Friday, June 10, 2011


Taro and the Similarities and Differences Between Samoa and Fiji

Taro, you seem to eat it so often that you learn to love it or hate it.  In the village it is free food from the plantation so it is great to supplement all of your meals.  In Tonga, it was the same thing, a food you always seem to eat (even the dogs eat it there).  Which is why I was surprised it is not common food there as well.

If you have never had taro, it is similar to a potato.  (I seem to say that about several foods here-breadfruit, tapioca and probably a few others.)I usually have it baked in the umu, traditional oven.  However, sometimes it is boiled with coconut cream. 

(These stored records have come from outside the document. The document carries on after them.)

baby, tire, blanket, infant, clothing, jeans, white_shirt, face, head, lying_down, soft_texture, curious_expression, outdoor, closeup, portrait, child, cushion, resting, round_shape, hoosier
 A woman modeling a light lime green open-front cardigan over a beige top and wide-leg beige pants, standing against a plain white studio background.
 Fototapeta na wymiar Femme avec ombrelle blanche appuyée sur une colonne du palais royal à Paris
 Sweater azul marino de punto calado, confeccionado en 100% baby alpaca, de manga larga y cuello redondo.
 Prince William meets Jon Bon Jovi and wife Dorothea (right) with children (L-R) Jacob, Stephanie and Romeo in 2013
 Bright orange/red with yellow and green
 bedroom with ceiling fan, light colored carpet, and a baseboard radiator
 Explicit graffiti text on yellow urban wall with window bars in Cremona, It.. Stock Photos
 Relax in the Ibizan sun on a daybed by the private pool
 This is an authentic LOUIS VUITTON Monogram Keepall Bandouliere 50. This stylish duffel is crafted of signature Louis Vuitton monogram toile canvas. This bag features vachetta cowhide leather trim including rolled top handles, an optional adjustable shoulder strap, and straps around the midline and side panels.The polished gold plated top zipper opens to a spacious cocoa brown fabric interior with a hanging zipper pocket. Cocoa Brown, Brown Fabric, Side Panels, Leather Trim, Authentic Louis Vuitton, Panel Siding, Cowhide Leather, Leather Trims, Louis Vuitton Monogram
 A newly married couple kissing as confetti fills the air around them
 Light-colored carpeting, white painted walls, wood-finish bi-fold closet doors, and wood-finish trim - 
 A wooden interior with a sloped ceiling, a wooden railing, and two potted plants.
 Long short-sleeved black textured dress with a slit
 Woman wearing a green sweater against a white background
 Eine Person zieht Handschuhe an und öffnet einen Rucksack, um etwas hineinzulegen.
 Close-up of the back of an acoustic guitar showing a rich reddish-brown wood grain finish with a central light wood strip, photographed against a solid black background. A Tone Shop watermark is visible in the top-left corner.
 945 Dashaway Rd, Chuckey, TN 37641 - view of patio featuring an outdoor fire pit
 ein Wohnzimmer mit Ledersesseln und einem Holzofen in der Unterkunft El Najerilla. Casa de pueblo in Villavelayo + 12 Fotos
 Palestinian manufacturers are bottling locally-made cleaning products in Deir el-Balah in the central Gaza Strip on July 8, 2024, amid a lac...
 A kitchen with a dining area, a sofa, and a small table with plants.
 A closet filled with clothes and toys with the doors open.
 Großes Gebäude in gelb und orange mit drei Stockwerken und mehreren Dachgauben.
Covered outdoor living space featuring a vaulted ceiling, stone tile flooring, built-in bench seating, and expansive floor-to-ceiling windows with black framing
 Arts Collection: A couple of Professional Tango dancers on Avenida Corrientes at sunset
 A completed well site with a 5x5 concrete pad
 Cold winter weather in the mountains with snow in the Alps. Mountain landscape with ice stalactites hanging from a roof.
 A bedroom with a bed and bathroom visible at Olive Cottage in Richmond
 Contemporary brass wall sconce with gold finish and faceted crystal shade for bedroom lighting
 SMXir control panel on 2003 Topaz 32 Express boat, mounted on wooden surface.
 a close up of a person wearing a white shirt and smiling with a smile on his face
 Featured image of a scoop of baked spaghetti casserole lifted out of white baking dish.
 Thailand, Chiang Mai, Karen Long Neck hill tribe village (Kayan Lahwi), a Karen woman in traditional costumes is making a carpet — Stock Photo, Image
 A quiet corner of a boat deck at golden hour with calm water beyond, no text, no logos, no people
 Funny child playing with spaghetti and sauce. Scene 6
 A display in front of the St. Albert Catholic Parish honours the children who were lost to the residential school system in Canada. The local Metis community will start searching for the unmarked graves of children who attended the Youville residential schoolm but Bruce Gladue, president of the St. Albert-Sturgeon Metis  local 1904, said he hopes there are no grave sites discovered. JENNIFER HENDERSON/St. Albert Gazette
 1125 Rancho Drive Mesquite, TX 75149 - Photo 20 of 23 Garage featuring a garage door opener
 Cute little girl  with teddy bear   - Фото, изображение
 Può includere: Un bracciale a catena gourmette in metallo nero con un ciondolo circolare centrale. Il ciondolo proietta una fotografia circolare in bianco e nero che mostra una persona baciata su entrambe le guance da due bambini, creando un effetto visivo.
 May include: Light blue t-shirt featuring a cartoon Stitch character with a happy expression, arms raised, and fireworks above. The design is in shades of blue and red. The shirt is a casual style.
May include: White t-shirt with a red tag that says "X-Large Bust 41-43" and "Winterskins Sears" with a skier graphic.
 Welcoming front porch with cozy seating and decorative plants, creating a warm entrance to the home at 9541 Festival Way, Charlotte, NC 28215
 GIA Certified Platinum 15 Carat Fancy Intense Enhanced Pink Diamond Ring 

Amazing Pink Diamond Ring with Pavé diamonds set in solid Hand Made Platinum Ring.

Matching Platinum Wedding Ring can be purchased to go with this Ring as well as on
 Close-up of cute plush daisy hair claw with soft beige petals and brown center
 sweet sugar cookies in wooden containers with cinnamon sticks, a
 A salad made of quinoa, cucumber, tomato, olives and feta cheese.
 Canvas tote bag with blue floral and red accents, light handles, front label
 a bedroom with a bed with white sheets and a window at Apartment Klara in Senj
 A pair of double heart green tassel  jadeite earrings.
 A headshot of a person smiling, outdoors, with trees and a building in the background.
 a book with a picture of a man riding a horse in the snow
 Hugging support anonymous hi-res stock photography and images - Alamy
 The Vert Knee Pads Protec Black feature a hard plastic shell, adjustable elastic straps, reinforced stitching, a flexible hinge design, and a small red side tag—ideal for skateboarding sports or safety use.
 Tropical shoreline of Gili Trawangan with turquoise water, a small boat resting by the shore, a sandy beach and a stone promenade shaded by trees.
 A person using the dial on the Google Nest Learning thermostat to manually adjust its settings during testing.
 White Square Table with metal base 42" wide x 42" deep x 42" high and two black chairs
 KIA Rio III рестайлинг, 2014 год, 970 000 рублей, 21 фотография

In Fiji, taro is only eaten during special occasions, unless you live in the interior.  It shocked me that it is eaten as little as it was. 

Another difference in diet between the Pacific countries is the lack of cocoa.  I know cocoa is grown somewhere in Fiji, just like somewhere in Tonga, but it is not in as much abundance as Samoa, making people not drink cocoa during all hours of the day. 

There are less similarities in language between Samoa and Fiji, than Samoa and Tonga.  I had trouble understanding most speech, and only picked up only a few words, the easiest being numbers. 

Although my family said it was extremely hot in Fiji, I thought it was chilly, much colder than the 30 degrees Celsius I have become used to daily.  In Fiji, I felt more willingness to do activities during the afternoon, instead of my afternoon nap that normally helps me through the day. 

Seeing most of the houses in Fiji, I was disappointed and wished that they still had more of their traditional houses.  I consider traditional houses to be so beautiful that when I saw villages filled with tin roofing on all side of a house, I was let down.

The wonderful commonality that Samoans and Fijians share is their wonderful people.  The smiles both people from these countries have are contagious.   They also have amazing dancing skills which are wonderful to watch and join. 

The two wonderful things Fiji had, that made me jealous dealt with animals.  The first being dogs.  Dogs are actual pets.  They are treated better than they are in Samoa, and do not attack people.  It was nice to be safe without a rock.  (However whenever I did see a dog, I still scavenged the ground for a rock, just in case.)

The second is pigs.  Pigs do not run free throughout the villages, in fact, I did not see any pigs while in Fiji.  (Maybe they have realized how necessary the pig pen is.)

The differences might be due to Fiji being more developed and started their tourism earlier than Samoa had.  The tourism aspect is wonderful in Fiji, however it made me yearn for Samoa.  The more time I spent in Fiji, the more I realized how lucky I am to be in Samoa. 

(There are 2 pictures of Samoan ovens, and 3 of Fijian ovens.  Samoans use lava rocks, and in Fiji I saw them use river rocks to cook.  Fijian ovens are also dug deeper into the ground.)